Perhaps one important lesson from both these papers is that the distinction between means and ends must be kept in mind when devising public health interventions. Severe restrictions on freedom of movement and activity have been characterized as “suppression” measures, but “suppression” has also been characterized as the reduction of social contact by a certain percentage (e.g., 75 percent). Yet in some situations, restricting movement outside the home for nonessential purposes may not yield reduction of social contact. Suppression is an end, lockdown a means, and lockdown is only a “suppression strategy” to the extent that it is appropriate to the end. In many parts of the world, lockdown is not a suppression strategy at all, because it does not reduce social contact to the level necessary to bring the reproduction number below 1; indeed, in some overcrowded contexts, it may even increase social contact.

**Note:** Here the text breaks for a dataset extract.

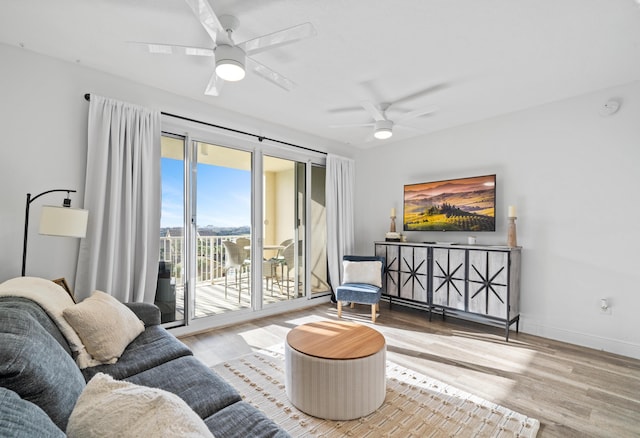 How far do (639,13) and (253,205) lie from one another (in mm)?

The politicization of lockdowns
Debates about lockdown in the US and UK are becoming more political, not less. But as some of us argued previously, the way that opinions on lockdown have lined up along the interests of the liberal-conservative axis of American politics or the left-right dimensions of Britain politics, is largely irrelevant to the interests of the poorest in the world. This may be part of the WHO’s reasoning in recently stating: “We in the World Health Organization do not advocate lockdowns as the primary means of control of this virus.” Regulations that might look the same from a legal or political perspective might have very different epidemiological significance. Their assessment cannot, therefore, be in terms of political allegiance. It has to be empirically based, and localized to a region.
Politicization can also cause confusion between quite distinct public health measures. The term “lockdown” may even be confused for any exercise of state power to compel in the name of preventing COVID-19, even where what is compelled could be part of an alternative strategy to lockdown: contact tracing or mask-wearing. It is easy for all public health measures to become equated because they are compatible and imposed by a single authority, even when they are separable and justified by different rationales. Contact tracing formed the basis of some nations’ responses, rather than “lockdown,” and should be seen as a potential alternative strategy on a different dimension altogether from any “intensity scale” of lockdown. Political polarization makes it harder to see such alternatives.
We hope to see more assessment of the different strategies countries have used to combat COVID-19 based on the large quantity of data now available. Managing COVID-19 should no longer be a stab in the dark.